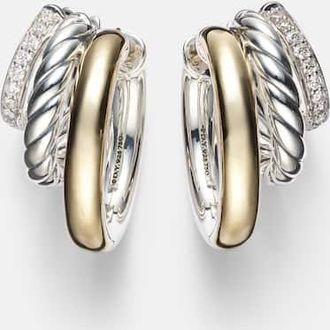David Yurman Orecchini a cerchio DY Mercer in oro 18kt e argento sterling con diamanti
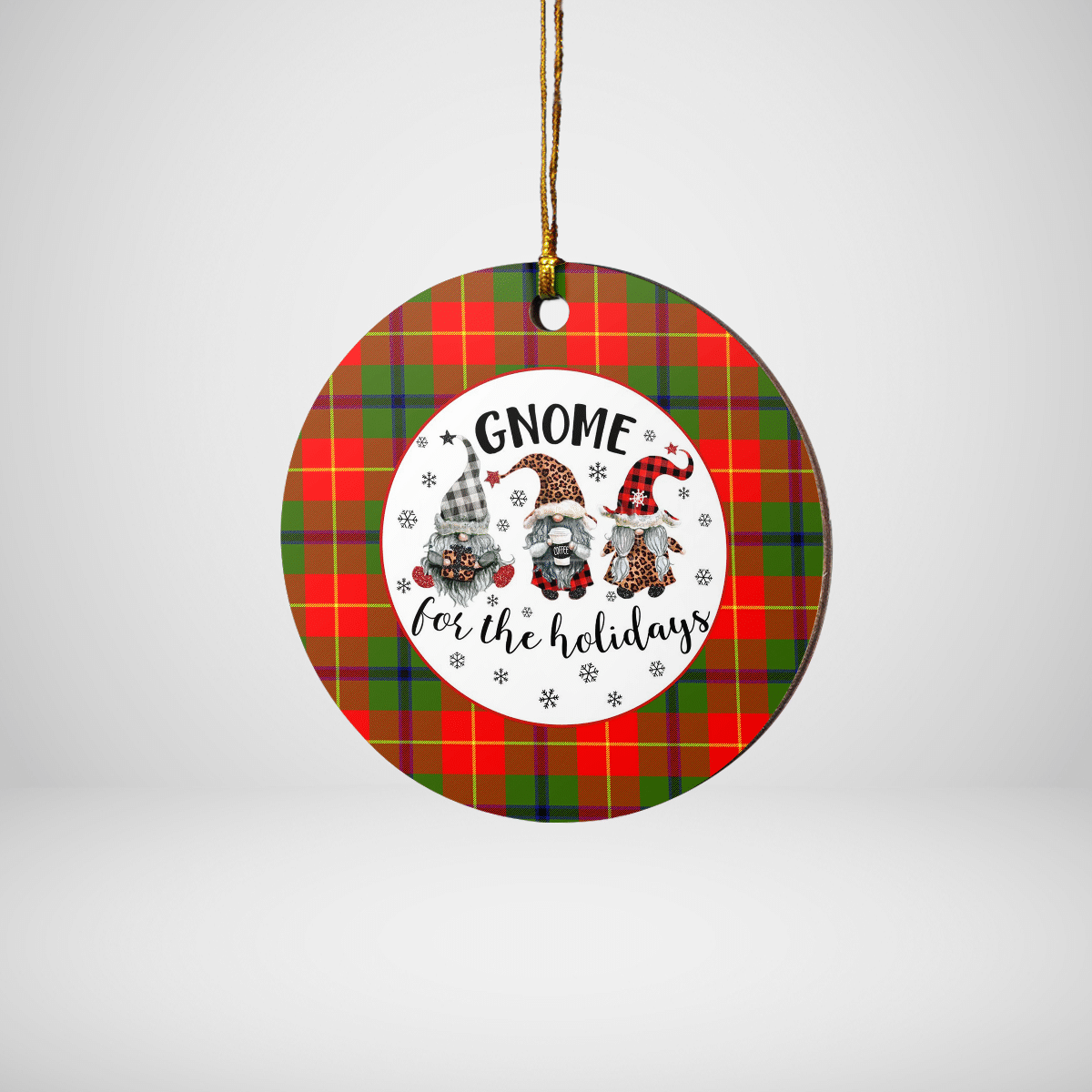 Clan Turnbull Dress Tartan Tartan Crest Gnome Round Ceramic Ornament CL69 Turnbull Dress Tartan Tartan Christmas   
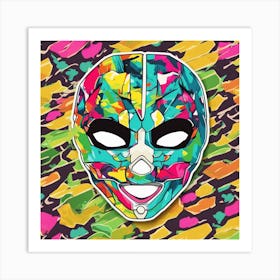 Vibrant Sticker Of A Camouflage Pattern Mask And Based On A Trend Setting Indie Game 1 Art Print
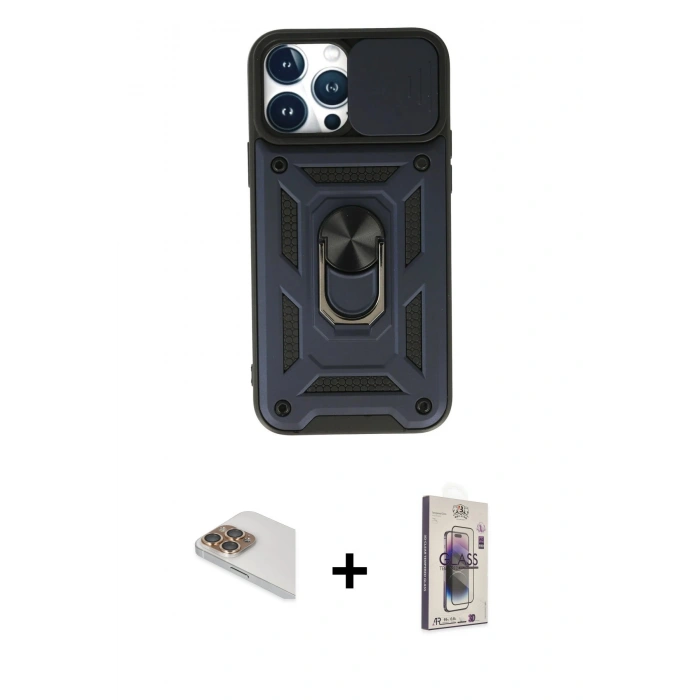MARSİLYAN™- iPhone 13 Pro Max Kılıf Ahenk Klasik - Siyah Bilvis 3D Cam Ekran Koruyucu + Pers Alüminyum Kamera Lens - GD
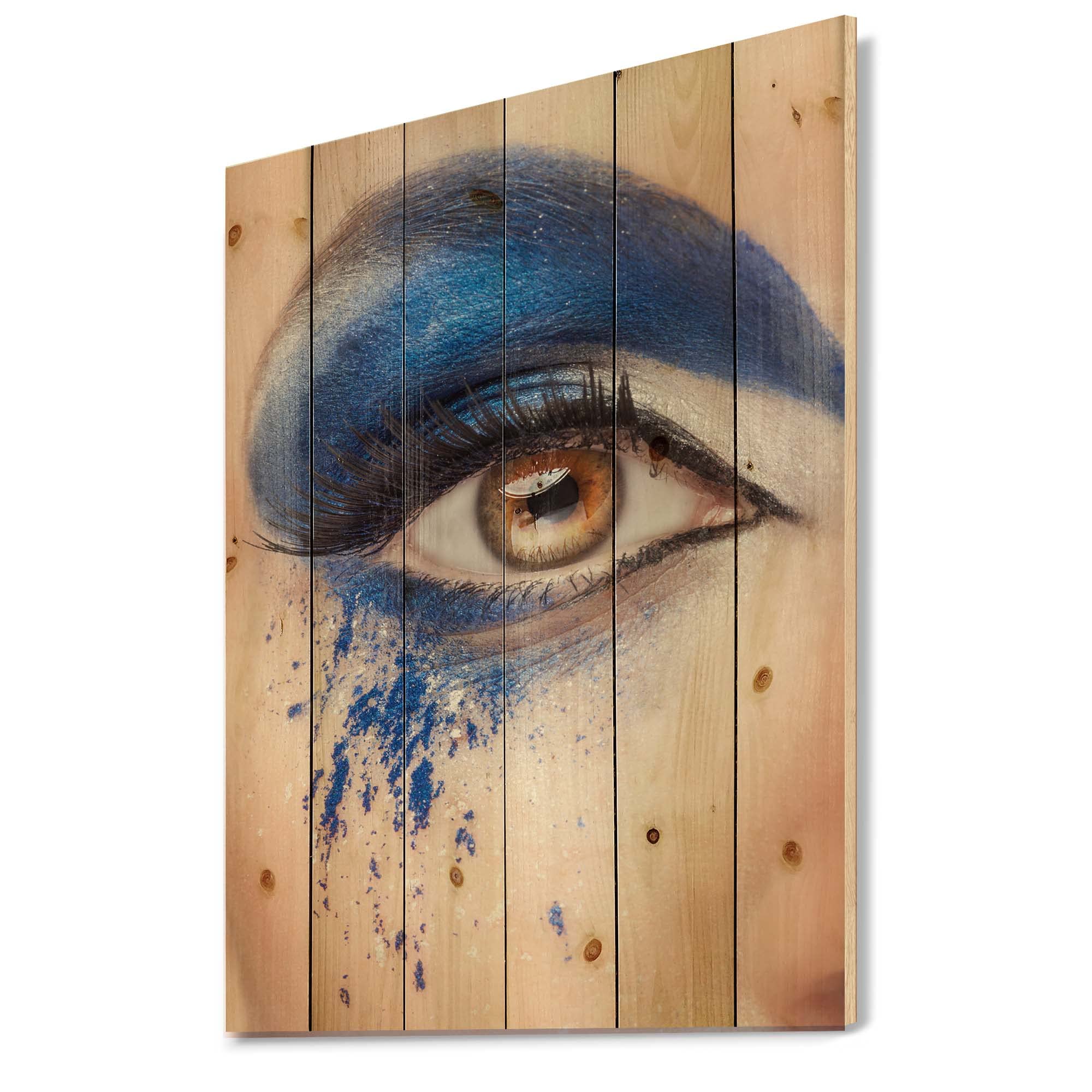Blue Fantasy Eye Wood Wall Art - Modern Contemporary Wooden Wall Decor, Large Printed Pine Wood Panel for Living Room, Bedroom & Office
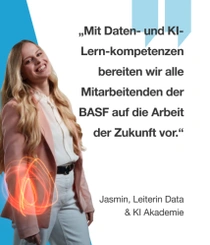 Eine weibliche BASF-Mitarbeitende aus Deutschland trägt eine rosafarbene Jacke und blaue Jeans und steht vor einem blau-weißen Hintergrund. Ein Lichtwirbel umgibt ihren Arm. Der Text lautet:  „Mit Daten- und KI-Lernkompetenzen bereiten wir alle Mitarbeitenden der BASF auf die Arbeit der Zukunft vor.“  Eine weibliche BASF-Mitarbeitende aus Deutschland trägt eine rosafarbene Jacke und blaue Jeans und steht vor einem blau-weißen Hintergrund. Ein Lichtwirbel umgibt ihren Arm. Der Text lautet:  „Mit Daten- und KI-Lernkompetenzen bereiten wir alle Mitarbeitenden der BASF auf die Arbeit der Zukunft vor.“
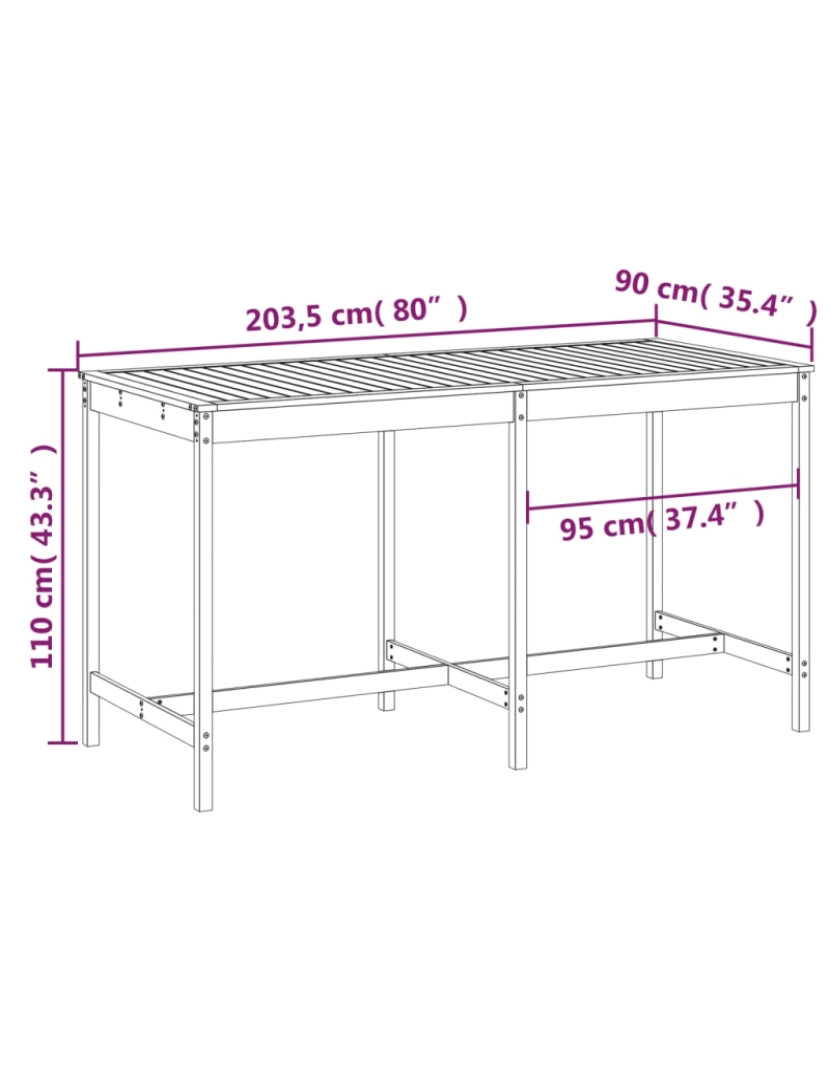 imagem de vidaXL Mesa jardim 203,5x90x110 cm pinho maciço castanho-mel8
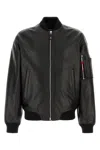 Dsquared2 Leather Jacket Front Pockets Ribbed Cuffs In Black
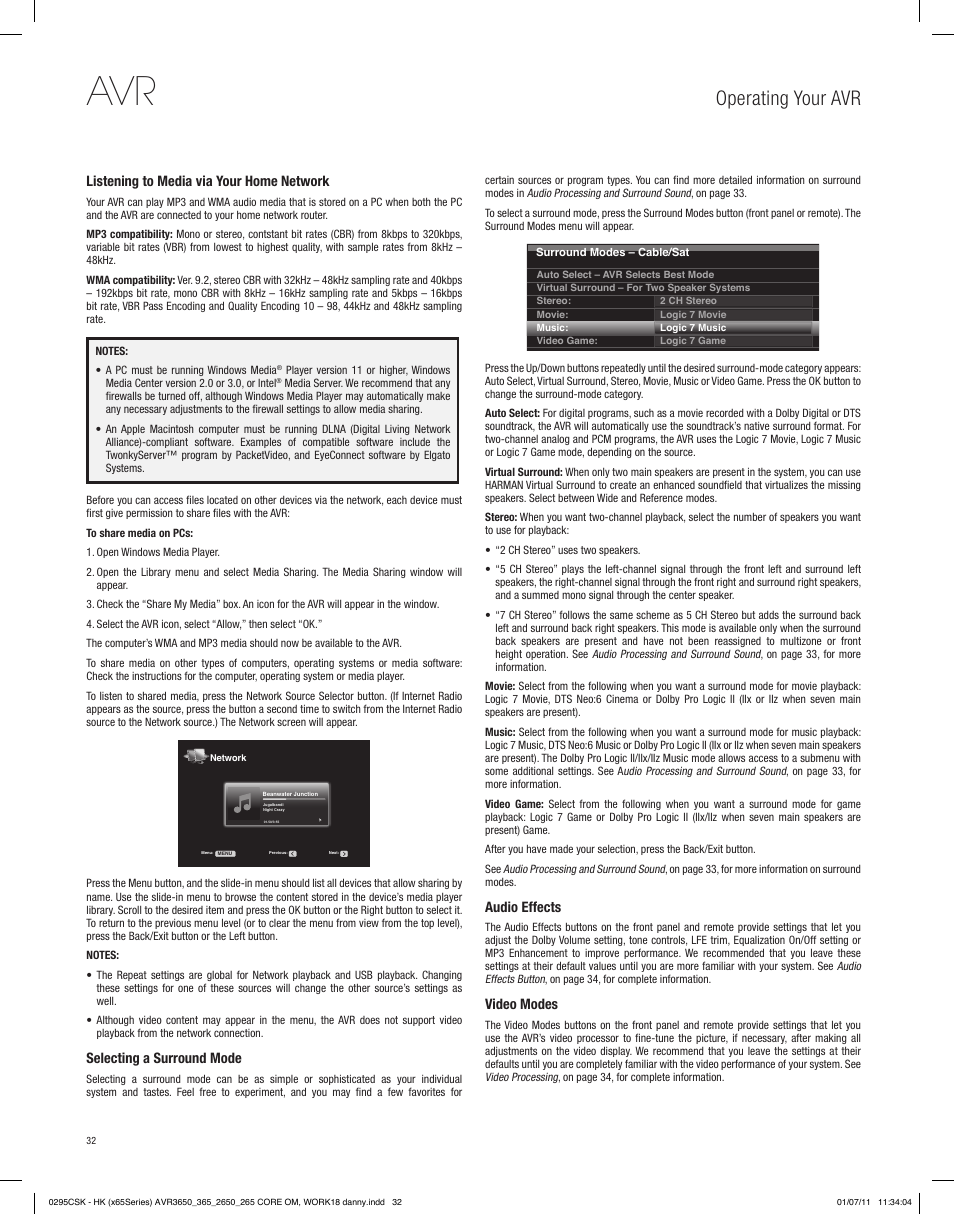 Operating your avr | Harman-Kardon AVR 265 User Manual | Page 32 / 62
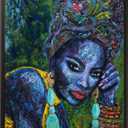 Blue Flame with Black Floater Frame, 21.5" x 25.5"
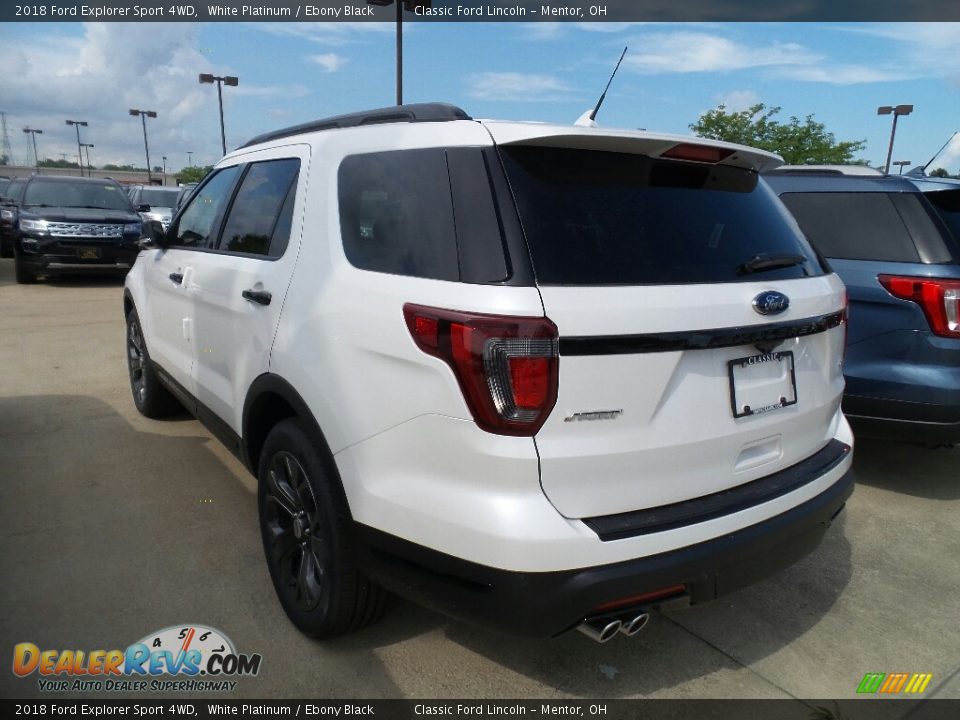 2018 Ford Explorer Sport 4WD White Platinum / Ebony Black Photo #3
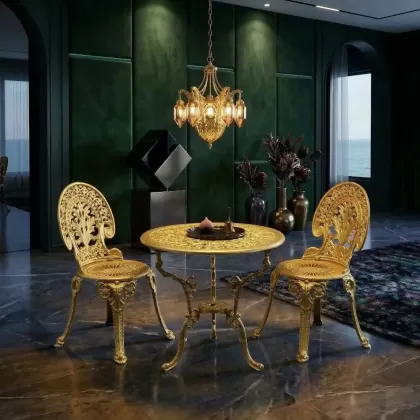 2 kişilik dış mekan bahçe, balkon için alüminyum döküm ferforje Bizans motifli yuvarlak gold masa sandalye takımı 3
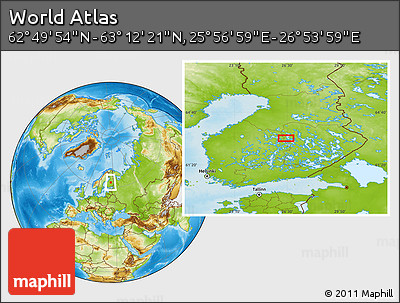 Physical Location Map of the Area around 63° 1' 7" N, 26° 25' 29" E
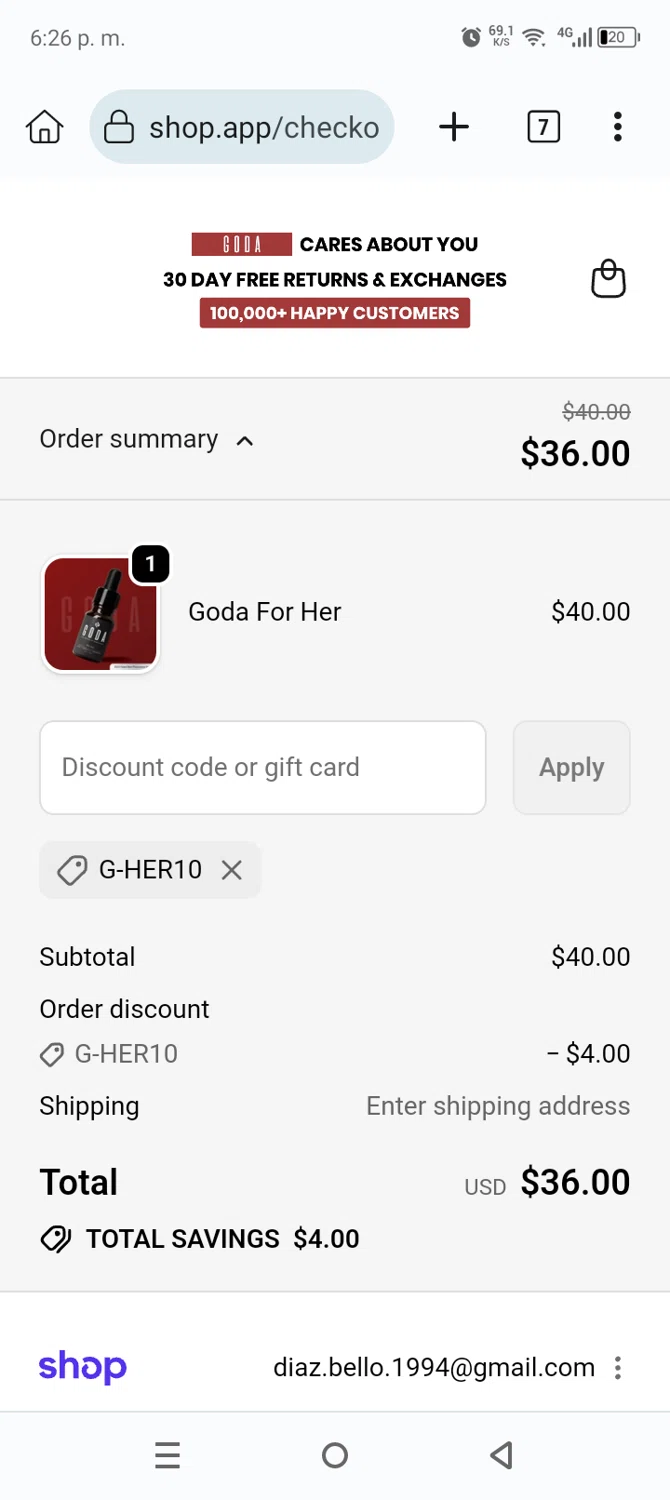 Goda Perfume discount code screenshot showing code G-HER10 applied at Goda Perfume checkout page. Uploaded by SimplyCodes community member Anthony_Diaz on Nov 27, 2025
════════════════
> Exercise description: Transcribe, without alteration, each line from the one with "Dsquared2 Leather Jacket" through the last line of the data; no pictures belong in the copy.

> Completed task:
 Dsquared2 Leather Jacket Front Pockets Ribbed Cuffs In Black
 Operating your avr | Harman-Kardon AVR 265 User Manual | Page 32 / 62
 Blue Flame with Black Floater Frame, 21.5" x 25.5"
 2018 Ford Explorer Sport 4WD White Platinum / Ebony Black Photo #3
 2 kişilik dış mekan bahçe, balkon için alüminyum döküm ferforje Bizans motifli yuvarlak gold masa sandalye takımı 3
 Physical Location Map of the Area around 63° 1' 7" N, 26° 25' 29" E
 Goda Perfume discount code screenshot showing code G-HER10 applied at Goda Perfume checkout page. Uploaded by SimplyCodes community member Anthony_Diaz on Nov 27, 2025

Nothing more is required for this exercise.